Certamente. Essas são marcas que nem Omo Máquina tira da lembrança. Agora, você sabe explicar por que isso aconteceu da primeira vez? Hoje é até explicável: há anos você torce para o time tal. Mas, da primeira, vez, de onde surgiu esse sentimento? Influência do pai não explica, senão hoje estaríamos todos escutando Ray Connif e Richard Claydermann.

Mas a gente não procura nunca examinar esse tipo de sentimento. (3 a o para o Brasil. Ronaldinho veio disparado pela esquerda, deu uma olhadinha para ver quem estava ao lado - ah, o slow motion -, tocou de leve e foi só o Bebeto colocar no fundo da rede. Confesso: agora bateu a emoção.)
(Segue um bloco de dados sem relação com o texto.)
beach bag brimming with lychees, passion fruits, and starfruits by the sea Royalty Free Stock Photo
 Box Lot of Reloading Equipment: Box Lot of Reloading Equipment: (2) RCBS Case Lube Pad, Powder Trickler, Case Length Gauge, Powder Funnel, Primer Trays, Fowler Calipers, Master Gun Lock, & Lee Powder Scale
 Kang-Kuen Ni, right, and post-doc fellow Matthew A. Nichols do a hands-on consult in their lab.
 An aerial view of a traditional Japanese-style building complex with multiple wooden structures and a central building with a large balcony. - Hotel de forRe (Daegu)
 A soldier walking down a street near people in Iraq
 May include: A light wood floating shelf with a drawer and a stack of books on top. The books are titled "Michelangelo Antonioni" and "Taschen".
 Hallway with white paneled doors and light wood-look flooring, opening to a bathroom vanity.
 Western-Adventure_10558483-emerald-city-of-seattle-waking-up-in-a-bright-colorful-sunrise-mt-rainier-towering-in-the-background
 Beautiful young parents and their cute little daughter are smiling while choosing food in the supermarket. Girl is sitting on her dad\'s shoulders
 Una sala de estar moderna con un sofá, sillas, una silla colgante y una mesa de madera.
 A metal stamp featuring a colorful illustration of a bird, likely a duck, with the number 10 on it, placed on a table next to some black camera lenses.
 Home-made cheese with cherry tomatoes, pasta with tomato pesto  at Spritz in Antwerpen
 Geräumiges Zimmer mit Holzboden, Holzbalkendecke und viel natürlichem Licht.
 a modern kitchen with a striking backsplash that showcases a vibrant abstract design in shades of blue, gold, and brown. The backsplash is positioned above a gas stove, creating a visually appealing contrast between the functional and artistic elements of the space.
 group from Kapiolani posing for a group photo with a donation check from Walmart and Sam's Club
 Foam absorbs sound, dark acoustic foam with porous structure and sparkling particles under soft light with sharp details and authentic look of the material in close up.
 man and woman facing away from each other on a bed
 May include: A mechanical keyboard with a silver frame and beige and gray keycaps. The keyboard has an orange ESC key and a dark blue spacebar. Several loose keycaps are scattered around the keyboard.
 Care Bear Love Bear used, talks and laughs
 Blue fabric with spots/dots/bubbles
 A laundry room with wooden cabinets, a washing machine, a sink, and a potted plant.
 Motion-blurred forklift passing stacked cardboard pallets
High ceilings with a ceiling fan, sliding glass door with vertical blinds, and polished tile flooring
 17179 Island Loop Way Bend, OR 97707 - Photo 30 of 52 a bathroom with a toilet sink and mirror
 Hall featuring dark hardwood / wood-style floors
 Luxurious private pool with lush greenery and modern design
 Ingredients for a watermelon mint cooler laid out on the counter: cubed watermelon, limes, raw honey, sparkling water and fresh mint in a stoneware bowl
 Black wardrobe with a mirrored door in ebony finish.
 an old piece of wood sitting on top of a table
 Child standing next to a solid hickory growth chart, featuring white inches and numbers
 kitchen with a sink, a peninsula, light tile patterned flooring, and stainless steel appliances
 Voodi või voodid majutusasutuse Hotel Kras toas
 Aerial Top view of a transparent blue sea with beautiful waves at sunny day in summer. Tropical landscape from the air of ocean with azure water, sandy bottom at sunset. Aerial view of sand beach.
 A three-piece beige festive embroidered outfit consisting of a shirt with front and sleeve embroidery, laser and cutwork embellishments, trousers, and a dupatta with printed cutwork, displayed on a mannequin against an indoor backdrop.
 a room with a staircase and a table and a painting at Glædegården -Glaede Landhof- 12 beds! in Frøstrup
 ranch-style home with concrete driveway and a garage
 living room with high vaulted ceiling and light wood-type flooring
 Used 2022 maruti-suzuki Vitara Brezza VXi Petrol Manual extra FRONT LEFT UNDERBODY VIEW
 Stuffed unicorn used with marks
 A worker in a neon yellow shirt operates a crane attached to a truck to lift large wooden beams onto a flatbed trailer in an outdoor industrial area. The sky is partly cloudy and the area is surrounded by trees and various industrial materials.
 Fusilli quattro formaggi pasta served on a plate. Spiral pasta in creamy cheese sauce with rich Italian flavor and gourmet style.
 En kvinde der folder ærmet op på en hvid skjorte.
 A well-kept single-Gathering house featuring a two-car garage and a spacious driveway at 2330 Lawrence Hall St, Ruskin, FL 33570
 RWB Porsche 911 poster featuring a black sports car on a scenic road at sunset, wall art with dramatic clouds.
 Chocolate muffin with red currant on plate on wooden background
Como eu estava falando, esse tipo de coisa nunca é questionada. Sob um certo aspecto, isso é chamado de contaminação mental. Esse conceito diz respeito ao raciocínio humano e suas associações automáticas. Só para resumir: por uma série de mecanismos, os seres humanos tem o péssimo hábito de conferir características às coisas ou pessoas como se isso fosse inerente a elas.

As Budweiser estão começando a fazer efeito.

Vamos ao exemplo corrente. Imagine uma animadíssima final entre Brasil e Argentina. Para milhões de pessoas, no caso os brasileiros, a Seleção Brasileira e Deus é a mesma coisa. Eles são os salvadores, os defensores da honra nacional. Perder para os argentinos nem pensar. A Seleção Argentina é um demônio a ser combatido. Uma suposta derrota traria um silêncio nacional durante alguns segundos após o fim do jogo.

Por outro lado, há centenas de quilômetros daqui, o cenário é outro. Brasileiros são a epítome do mal enquanto os jogadores Argentinos são como um exército guardando fronteiras morais. Ai do Brasil de invadi-las e acabar com elas. Mesmo porque a Seleção Argentina é infinitamente melhor do que a Brasileira. Ronaldinho é um embuste.

O que está em jogo, nessas horas, não é a qualidade técnica de cada um dos times, mas a relação que suas torcidas tem com elas. Dentro desse exemplo grosseiro temos presente uma das mais notáveis contaminações mentais do ser humano. Brasil e Argentina são duas seleções que, a despeito de sua técnica, para milhões de pessoas guardam características inerentes que na verdade não existem.

Com uma simples mudança de ponto de vista, Ronaldinho passa de herói a vilão. E nele, dentro dele, no futebol dele, não há qualquer uma dessas caracterísitcas. Ele apenas cumpre sua tarefa de meter a bola no fundo do gol. Ponto.

Assim como durante os jogos Ronaldinho é herói ou vilão, durante nosso dia-a-dia atribuímos diferentes significados a nossos pais, namoradas irmãos, CD´s, livros, carros, dinheiro, emprego etc etc etc.

O resultado disso é que passamos a vida inteira fazendo coisas sem saber por que. Simplesmente nos deixamos levar pela maré, na maioria das vezes escorando-nos em argumentos como "é a minha vontade, é o meu gosto" na versão jovem rebelde e "é o melhor para o meu futuro" na versão adulta.

Enfim, estou apenas viajando. Futuro não existe. Assim como o passado. Em física quântica se diz que nada é, tudo está. No momento, eu estou atrás de outra Budweiser. Chega de viajar.

Agora já perdi a porcaria do bookmaker. Coloquei 2x1 para o Brasil.